The Handyman and I had a lovely New Year's Eve (known to all Scots as Hogmanay), just the two of us in our cottage home. Traditionally we have a beef and ale pie for our evening meal on Hogmanay and this year was no exception. The filling for the pie was slowly cooked for around 5 hours in a very low oven and then placed in a pie dish covered with puff pastry and returned to the oven. Served with mixed winter vegetables (carrots, parsnips and brussel sprouts) and creamed HG potatoes - delicious when complimented by a glass or two of St Emilion! A lovely meal to end the old year.
1 packet ready made puff pastry
1 lb stewing steak
6-10 shallots, peeled and left whole
2 parsnips, peeled and thickly sliced
3 carrots, peeled and thickly sliced
3/4 pt beef stock
1/2 pt Guinness
pl flour mixed with 1 tsp mustard powder to coat the beef
1 tsp dried sage
Heat some oil in a heavy based frying pan. Add the shallots, carrots and parsnips and fry gently until the onions have browned slightly.

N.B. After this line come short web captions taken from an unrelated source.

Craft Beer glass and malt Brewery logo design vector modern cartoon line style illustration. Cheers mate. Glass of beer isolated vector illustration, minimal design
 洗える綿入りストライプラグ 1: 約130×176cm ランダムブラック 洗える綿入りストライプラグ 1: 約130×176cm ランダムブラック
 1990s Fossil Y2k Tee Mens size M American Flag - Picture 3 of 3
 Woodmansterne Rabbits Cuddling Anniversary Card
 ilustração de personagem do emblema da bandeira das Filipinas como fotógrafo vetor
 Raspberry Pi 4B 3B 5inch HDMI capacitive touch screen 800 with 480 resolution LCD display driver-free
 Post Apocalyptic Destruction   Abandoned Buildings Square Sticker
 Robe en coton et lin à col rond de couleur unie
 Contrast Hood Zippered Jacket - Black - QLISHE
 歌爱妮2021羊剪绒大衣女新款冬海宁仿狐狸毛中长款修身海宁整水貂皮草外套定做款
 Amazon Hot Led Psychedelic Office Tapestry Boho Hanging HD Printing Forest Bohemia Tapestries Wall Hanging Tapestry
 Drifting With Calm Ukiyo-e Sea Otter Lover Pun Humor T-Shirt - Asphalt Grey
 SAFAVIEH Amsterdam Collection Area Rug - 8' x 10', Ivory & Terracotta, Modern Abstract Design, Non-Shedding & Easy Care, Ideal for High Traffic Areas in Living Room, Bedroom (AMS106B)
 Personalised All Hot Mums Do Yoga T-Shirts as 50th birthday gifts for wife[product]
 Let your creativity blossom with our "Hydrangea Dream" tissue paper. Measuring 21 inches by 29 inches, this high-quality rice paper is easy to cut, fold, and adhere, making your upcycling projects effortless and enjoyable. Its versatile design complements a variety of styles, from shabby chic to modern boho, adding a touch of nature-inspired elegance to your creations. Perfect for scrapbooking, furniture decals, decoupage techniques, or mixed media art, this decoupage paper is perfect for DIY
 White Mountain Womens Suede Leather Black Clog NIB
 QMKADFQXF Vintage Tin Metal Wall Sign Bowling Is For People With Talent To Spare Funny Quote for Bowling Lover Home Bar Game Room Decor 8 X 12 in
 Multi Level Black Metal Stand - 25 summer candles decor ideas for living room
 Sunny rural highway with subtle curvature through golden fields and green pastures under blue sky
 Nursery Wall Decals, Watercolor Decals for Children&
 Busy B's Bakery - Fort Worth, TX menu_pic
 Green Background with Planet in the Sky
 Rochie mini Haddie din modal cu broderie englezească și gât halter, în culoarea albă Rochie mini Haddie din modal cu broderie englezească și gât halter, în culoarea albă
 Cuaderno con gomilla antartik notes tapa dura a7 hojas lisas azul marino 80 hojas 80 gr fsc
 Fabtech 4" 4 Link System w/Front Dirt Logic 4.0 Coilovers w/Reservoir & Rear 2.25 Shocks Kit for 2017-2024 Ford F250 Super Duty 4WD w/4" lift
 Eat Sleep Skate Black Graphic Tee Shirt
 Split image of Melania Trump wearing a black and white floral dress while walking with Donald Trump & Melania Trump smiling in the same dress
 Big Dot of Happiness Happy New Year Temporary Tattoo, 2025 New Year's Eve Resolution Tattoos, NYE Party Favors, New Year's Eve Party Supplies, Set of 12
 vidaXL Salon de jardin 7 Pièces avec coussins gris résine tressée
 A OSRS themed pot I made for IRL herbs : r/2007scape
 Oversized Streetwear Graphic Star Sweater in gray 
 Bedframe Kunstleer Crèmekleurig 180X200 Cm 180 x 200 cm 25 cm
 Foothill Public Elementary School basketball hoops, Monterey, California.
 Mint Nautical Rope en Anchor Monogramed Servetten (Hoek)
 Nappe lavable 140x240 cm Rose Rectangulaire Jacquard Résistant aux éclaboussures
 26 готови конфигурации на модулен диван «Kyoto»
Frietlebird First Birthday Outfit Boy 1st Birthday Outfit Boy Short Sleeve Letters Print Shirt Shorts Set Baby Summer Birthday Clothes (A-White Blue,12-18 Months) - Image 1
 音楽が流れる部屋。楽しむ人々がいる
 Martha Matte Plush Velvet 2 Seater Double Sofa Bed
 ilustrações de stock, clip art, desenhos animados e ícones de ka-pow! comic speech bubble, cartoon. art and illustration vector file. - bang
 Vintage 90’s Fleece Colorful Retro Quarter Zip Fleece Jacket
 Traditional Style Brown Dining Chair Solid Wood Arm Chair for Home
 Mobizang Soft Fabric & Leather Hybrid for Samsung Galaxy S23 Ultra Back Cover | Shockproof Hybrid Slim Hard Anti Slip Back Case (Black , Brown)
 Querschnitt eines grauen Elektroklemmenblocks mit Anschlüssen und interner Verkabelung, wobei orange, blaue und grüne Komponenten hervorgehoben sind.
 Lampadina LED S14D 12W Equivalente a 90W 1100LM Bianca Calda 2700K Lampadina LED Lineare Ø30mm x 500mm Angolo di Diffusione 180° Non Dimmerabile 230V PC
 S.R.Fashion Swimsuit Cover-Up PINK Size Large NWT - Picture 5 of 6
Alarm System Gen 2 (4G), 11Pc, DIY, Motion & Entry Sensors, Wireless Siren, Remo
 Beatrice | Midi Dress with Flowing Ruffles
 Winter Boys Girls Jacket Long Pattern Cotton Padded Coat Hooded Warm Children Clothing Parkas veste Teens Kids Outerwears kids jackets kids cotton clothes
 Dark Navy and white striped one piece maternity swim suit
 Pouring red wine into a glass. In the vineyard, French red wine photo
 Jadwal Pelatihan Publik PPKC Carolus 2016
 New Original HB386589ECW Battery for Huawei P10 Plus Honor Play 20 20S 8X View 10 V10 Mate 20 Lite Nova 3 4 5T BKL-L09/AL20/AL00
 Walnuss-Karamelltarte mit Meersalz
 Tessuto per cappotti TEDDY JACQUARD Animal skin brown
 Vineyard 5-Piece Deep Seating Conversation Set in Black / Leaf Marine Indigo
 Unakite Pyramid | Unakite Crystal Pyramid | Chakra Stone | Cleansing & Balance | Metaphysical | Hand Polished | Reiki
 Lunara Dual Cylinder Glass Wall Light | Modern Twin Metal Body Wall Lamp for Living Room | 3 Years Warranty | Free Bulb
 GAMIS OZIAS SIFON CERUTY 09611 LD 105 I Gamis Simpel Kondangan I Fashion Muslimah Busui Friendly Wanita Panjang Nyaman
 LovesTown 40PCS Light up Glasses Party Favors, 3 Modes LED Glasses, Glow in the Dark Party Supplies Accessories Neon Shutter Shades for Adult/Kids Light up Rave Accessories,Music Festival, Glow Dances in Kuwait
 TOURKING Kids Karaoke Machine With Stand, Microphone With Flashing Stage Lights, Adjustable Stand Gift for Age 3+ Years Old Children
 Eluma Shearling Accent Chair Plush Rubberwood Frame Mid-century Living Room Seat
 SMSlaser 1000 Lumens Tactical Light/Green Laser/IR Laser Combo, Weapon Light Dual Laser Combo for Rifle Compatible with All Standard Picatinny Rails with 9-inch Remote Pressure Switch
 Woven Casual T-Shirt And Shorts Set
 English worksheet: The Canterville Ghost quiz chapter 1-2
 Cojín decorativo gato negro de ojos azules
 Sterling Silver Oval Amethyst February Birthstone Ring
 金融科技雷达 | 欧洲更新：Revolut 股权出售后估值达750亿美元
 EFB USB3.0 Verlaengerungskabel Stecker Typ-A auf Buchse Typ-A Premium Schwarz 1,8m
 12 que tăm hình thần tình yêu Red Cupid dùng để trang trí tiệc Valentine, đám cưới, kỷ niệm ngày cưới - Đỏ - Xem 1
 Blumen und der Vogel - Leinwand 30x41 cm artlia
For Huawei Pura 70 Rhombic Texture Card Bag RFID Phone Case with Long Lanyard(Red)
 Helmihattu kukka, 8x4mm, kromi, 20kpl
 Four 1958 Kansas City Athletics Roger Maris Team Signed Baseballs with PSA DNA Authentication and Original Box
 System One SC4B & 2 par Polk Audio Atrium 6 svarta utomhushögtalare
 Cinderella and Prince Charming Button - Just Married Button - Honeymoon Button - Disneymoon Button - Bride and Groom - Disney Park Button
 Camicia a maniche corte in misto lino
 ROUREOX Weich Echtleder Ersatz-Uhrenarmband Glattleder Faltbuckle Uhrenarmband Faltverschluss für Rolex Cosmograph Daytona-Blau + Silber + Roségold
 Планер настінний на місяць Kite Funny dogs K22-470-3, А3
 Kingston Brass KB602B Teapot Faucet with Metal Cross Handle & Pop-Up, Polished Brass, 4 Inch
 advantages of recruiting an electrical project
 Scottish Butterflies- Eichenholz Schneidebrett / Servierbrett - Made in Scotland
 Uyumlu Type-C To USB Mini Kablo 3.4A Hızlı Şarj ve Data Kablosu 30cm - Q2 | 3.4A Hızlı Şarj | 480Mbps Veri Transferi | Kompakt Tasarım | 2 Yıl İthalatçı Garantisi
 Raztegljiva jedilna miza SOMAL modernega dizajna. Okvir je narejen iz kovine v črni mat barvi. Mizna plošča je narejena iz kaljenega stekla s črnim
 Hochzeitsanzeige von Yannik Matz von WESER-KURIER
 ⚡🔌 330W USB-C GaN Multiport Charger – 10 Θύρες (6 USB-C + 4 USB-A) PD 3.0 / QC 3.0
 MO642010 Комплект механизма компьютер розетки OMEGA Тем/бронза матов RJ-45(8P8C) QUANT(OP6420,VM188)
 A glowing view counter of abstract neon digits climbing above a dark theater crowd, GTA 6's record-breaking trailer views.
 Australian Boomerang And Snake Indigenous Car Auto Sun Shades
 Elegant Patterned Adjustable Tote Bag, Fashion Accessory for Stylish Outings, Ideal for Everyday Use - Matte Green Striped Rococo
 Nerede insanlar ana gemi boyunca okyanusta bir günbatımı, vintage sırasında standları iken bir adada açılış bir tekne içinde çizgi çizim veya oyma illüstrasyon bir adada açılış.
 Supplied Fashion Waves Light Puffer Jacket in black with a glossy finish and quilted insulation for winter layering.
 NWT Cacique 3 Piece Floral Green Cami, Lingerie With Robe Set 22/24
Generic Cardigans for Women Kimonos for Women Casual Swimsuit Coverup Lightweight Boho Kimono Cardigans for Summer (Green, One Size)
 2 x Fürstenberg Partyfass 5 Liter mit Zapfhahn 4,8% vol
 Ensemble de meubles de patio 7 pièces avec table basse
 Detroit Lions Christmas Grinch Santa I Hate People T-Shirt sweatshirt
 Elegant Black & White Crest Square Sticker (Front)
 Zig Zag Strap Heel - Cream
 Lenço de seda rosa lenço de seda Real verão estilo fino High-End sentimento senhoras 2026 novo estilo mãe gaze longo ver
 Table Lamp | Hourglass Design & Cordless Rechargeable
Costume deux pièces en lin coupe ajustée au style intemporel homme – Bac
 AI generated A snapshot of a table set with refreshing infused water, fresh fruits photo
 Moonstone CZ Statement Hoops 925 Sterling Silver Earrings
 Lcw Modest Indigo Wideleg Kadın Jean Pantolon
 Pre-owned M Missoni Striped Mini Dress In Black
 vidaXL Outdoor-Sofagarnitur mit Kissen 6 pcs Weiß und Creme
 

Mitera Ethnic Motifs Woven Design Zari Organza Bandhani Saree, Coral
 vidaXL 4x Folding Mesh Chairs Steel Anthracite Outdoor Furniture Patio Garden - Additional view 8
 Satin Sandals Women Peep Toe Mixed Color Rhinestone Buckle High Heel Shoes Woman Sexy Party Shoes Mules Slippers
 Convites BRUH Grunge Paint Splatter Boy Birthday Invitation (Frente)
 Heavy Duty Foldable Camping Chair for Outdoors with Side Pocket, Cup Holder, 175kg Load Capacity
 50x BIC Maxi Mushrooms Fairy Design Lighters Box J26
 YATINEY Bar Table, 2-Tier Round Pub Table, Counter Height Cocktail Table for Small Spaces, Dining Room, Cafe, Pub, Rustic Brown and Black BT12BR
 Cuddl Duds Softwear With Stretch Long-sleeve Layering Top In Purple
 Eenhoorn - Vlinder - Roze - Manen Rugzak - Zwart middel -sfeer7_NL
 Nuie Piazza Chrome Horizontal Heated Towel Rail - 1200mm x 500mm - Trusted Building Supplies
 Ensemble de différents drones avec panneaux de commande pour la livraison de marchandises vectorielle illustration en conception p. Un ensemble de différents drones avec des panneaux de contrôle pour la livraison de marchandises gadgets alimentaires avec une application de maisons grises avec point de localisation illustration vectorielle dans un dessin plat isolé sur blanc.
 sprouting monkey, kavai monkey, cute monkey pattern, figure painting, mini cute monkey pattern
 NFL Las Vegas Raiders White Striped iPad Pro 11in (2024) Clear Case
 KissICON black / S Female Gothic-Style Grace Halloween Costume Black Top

Remove from pan and place in a large casserole dish.
Heat some more oil and add the beef coated in flour in small batches, browing all over, then remove and place in the casserole dish. Repeat until all the beef has been browned.
Pour off the excess oil and add the stock and Guiness to the pan. Bring to the boil and then add the dried sage. Pour enough of the liquid over the beef and vegetables to cover and stir to combine. Cover the beef mixture with a circle of greaseproof paper and place the casserole lid on top. Put the casserole in the oven at 120C - 140C for at least 4 hours. Check the liquid level from time to time adding more if required. After about 3 hours add the mushrooms, stir to combine and return to the oven.
When the beef is cooked spoon the mixture into a pie dish and cover with the puff pastry. Place the pie dish in the oven at 200C for aproximately 25 minutes until the pastry has risen and is golden. Serve with creamed potatoes and vegetables of your choice.